Your response should be every line from the entries that includes the string "Wild".
-- PROVIDED ENTRIES follows --
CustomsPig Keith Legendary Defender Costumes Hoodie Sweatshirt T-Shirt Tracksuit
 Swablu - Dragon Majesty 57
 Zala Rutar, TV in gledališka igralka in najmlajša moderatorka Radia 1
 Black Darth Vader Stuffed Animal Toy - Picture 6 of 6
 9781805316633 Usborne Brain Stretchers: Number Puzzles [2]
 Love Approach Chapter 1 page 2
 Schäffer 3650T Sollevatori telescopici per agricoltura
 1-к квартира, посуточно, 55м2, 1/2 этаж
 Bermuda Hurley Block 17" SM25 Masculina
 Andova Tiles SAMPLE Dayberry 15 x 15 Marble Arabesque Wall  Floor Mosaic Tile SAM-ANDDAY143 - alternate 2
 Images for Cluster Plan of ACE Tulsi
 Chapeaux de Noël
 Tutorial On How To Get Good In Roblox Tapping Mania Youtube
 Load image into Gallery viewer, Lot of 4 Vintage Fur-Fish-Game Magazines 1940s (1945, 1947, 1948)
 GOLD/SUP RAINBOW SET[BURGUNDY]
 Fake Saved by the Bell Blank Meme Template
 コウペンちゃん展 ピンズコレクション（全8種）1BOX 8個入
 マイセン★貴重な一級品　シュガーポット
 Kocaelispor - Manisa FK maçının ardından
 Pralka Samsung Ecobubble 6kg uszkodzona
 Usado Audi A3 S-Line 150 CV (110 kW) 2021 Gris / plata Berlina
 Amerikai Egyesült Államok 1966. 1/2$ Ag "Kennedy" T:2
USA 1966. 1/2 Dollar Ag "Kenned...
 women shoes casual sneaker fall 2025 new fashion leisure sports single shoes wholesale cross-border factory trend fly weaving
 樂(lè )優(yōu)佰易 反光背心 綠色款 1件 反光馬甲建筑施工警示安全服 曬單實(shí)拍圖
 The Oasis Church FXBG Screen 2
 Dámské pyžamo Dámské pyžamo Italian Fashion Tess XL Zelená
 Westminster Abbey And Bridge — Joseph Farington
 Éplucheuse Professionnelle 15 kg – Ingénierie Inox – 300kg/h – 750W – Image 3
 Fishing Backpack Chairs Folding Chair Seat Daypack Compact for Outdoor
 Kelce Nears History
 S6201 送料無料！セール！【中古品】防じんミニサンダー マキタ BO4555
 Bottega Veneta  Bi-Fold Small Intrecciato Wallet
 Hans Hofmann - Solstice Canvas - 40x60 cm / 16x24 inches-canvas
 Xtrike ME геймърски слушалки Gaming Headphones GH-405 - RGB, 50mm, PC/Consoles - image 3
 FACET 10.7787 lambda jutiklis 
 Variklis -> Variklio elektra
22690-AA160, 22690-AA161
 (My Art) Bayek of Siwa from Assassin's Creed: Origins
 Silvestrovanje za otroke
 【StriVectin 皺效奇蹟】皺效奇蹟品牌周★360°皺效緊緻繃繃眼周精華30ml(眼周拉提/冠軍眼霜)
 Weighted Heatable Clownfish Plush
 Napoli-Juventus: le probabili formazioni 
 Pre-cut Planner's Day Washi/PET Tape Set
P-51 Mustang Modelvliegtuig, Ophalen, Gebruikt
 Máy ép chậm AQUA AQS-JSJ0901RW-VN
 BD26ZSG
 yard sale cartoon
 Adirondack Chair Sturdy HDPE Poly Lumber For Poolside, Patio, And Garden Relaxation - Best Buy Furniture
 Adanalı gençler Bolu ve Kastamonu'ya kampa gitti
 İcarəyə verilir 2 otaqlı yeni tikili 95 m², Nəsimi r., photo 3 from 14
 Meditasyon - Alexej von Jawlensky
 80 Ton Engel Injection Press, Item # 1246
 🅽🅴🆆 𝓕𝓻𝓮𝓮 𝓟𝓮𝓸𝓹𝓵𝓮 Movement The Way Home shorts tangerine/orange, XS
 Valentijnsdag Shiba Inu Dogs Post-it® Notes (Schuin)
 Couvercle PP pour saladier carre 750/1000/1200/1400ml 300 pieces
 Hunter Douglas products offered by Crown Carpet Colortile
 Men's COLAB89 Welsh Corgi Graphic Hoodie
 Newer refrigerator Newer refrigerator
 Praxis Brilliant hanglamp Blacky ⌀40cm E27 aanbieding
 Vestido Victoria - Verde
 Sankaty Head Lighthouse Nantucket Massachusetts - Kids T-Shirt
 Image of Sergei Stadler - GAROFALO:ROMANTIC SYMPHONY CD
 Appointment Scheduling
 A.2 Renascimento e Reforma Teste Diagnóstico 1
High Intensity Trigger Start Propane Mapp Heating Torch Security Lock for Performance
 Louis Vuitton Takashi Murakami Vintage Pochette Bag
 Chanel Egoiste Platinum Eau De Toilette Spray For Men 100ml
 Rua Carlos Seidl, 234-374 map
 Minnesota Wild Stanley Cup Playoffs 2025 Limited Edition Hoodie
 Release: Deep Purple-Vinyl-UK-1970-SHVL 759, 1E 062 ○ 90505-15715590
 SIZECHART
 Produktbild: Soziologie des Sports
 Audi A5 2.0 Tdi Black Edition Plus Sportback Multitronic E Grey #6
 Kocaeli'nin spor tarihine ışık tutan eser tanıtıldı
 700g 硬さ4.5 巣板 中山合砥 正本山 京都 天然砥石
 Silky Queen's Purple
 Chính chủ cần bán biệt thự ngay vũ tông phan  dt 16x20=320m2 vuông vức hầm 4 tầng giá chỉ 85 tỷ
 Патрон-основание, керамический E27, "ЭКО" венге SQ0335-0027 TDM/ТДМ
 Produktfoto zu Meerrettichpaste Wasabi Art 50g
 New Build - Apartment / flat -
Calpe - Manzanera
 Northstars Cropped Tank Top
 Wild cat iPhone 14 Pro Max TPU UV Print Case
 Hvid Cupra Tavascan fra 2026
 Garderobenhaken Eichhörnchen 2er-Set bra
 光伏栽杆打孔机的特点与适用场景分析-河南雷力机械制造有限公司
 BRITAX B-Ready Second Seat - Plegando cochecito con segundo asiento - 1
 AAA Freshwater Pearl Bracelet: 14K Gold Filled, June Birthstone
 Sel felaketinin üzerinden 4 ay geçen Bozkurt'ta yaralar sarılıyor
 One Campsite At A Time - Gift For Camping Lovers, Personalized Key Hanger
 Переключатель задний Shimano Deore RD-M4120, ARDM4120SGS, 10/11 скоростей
-- PROVIDED ENTRIES concluded --
WORKED SOLUTION
 Minnesota Wild Stanley Cup Playoffs 2025 Limited Edition Hoodie
 Wild cat iPhone 14 Pro Max TPU UV Print Case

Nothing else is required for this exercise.